FasterXML / jackson-dataformats-binary

Uber-project for standard Jackson binary format backends: avro, cbor, ion, protobuf, smile
Apache License 2.0
316 stars 136 forks source link

Long strings encoded using streaming form #166

Open clstrfsck opened 5 years ago

clstrfsck commented 5 years ago

In CBORGenerator.java, there is a limit to the length of the string that can be output before the generator will use the indefinite length encoding. The reason behind this appears to be the complexity of determining the length of the encoded byte stream when it does not fit into an internal buffer, given that the length prefix needs to be output before the data.

For now, we have changed the implementation of _writeChunkedString(...) to the following:

    protected final void writeLongString(char[] text, int offset, int len) throws IOException {
        CharBuffer charBuffer = CharBuffer.wrap(text, offset, len);
        ByteBuffer byteBuffer = StandardCharsets.UTF_8.encode(charBuffer);
        int byteLen = byteBuffer.remaining();
        _writeLengthMarker(PREFIX_TYPE_TEXT, byteLen);
        _writeBytes(byteBuffer.array(), byteBuffer.position(), byteLen);
    }

It should also be possible to use the existing UTF-8 encoder to write the encoding out in pieces with the addition of a int encodedLength(...) method to precompute and output the length.

Also, thanks for the awesome library!

cowtowncoder commented 5 years ago

@mpsandiford Just to make sure I understand this correctly: I think you are suggesting addition of a CBORGenerator.Feature that would force use of length-prefix for all Strings.

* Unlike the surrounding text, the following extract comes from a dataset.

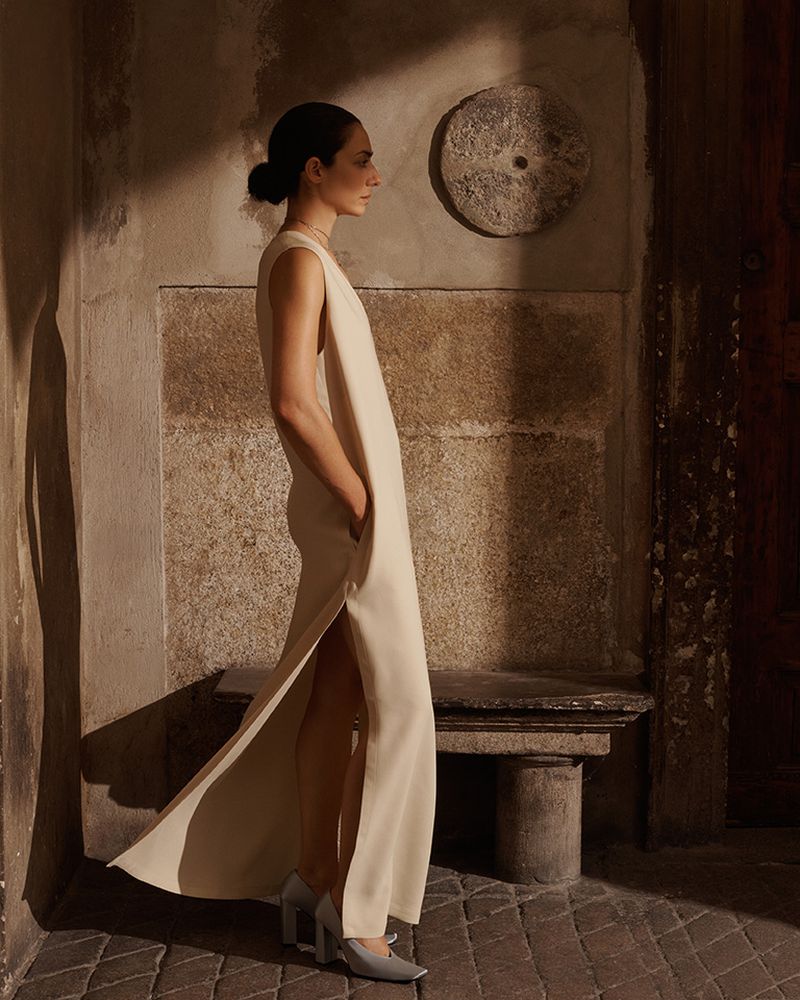 A slender woman with dark hair gazes in profile, wearing a long sleeveless cream dress and gray heels, set against a textured wall.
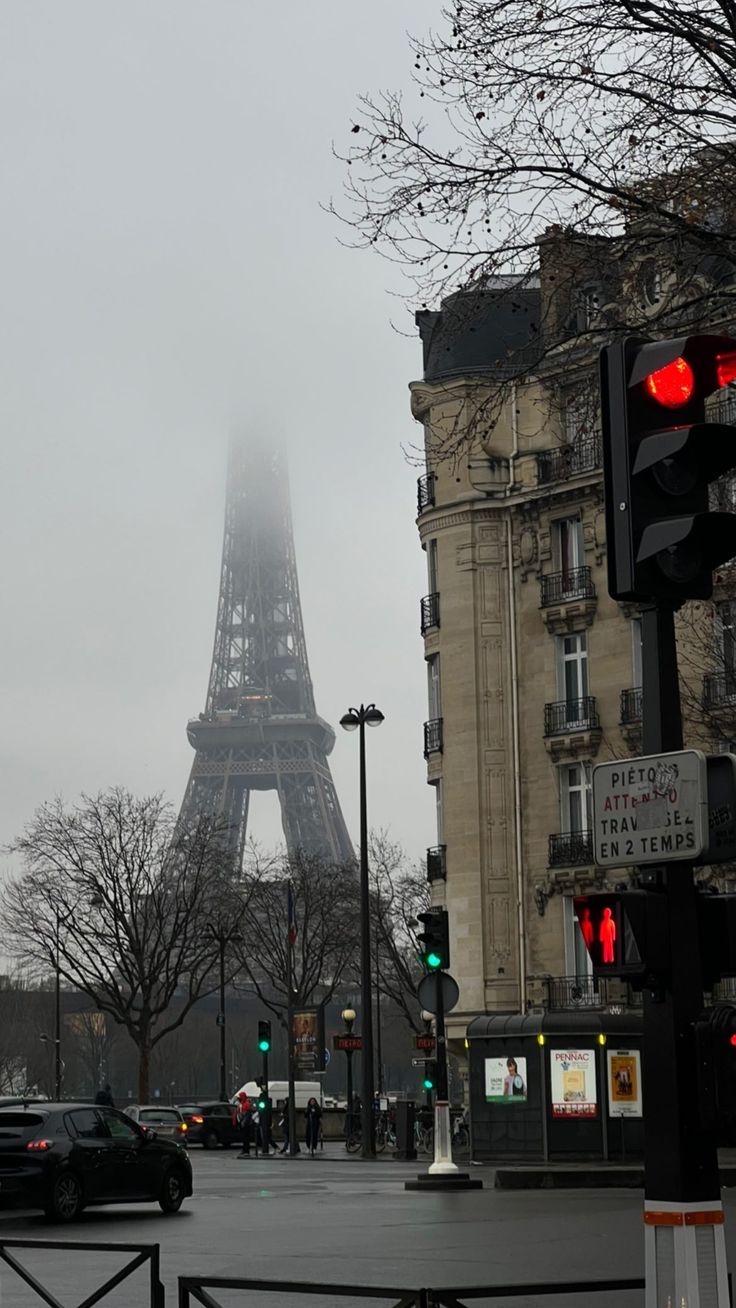 the eiffel tower is in the distance on a foggy, overcast day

Is that correct? That sounds reasonable, I just want to make sure I understand this correctly.

clstrfsck commented 5 years ago

@cowtowncoder — I hadn't thought of it that way, but yes, that sounds like a great way to do it. That way there is an option for "always length prefix" or the more performant "indefinite" encoding.

cowtowncoder commented 5 years ago

Ok cool. As I said, it may take a while to get this done if I do it (would be in 2.10.0 regardless, being new feature) just due to piling up of issues. But I can help with a PR if that is something you could help with? (I try to prioritize helping others above my own work)

clstrfsck commented 5 years ago

Yep, sure, sounds like a good approach. Give me a couple of days and I'll submit a PR with the feature and we can take it from there.